While the law's purpose is to help parents protect their children, critics say they violate sex offenders' constitutional rights.

The US Supreme Court Wednesday is set to take a close look at versions of Megan's Laws in Alaska and Connecticut to determine whether they strike the proper constitutional balance between community safety and the rights of convicted sex offenders who have completed their punishments.

The two cases, being heard back-to-back, are among the most important of the high court's current term. They touch on an emotional issue being followed closely by law enforcement officials, civil libertarians, and parents.

To critics, the registration laws resemble the Puritans' practice of publicly shaming wrongdoers by forcing adulteresses, for example, to wear a scarlet "A."

To supporters, the measures offer a tool to parents to protect their children from those who would prey on them.

The court challenge

In the Alaska case, Smith v. Doe, the high court will consider whether that state's sexual-offender registration law violates the constitutional ban on "ex post facto" laws that increase the punishment for an offense after the prior existing punishment for that same offense has already been served.

In the Connecticut case, Connecticut Department of Public Safety v. Doe, the justices will examine whether those listed on the state's sexual-offender registry are constitutionally entitled to an individualized determination of their current danger to the community before being listed.
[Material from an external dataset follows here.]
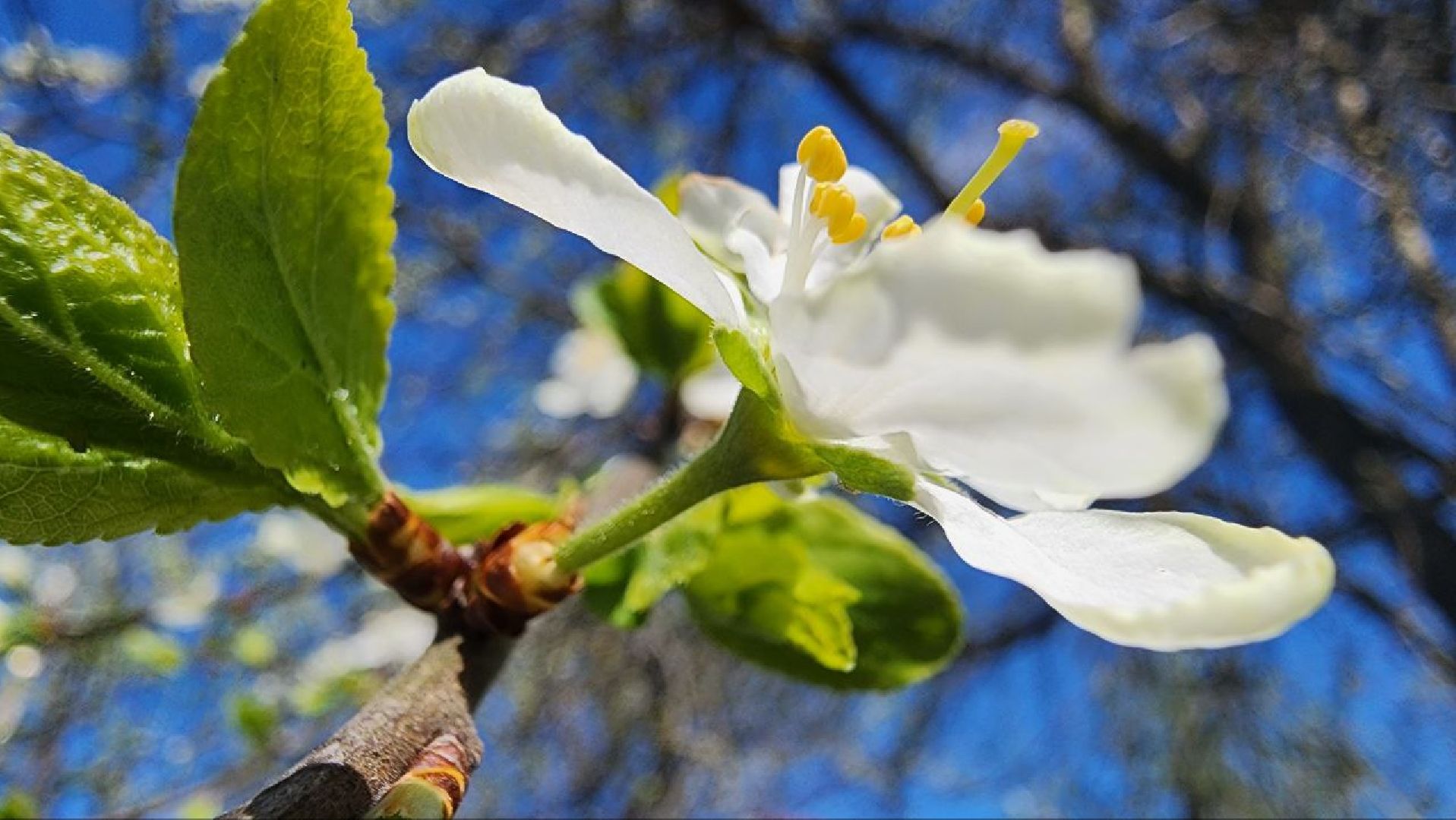солнечногорск, алабушево , ветеран вов,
"This case [Connecticut] is about publicly branding each respondent a 'Registered Sex Offender' ..., conveying the message to the public that he poses a continuing danger to public safety," says Shelley Sadin in her brief to the court challenging the law.

Ms. Sadin says Connecticut is altering the legal rights and status of sex offenders without offering them an opportunity to disprove the charge that they are dangerous.

Not everyone on the list will commit another crime or continue to be dangerous in the future, she says.

Connecticut Attorney General Richard Blumenthal, who is arguing his state's case before the high court, says the sexual-offender list is an accurate reflection of court records. He says release of those public records to members of the public does not suddenly entitle convicted sex offenders to a new level of rights.

"Every person on the registry has been convicted of an offense that is extraordinarily serious after a full and fair proceeding," Mr. Blumenthal says. "There is no constitutional requirement that distinctions be made between them based on predictions of dangerousness."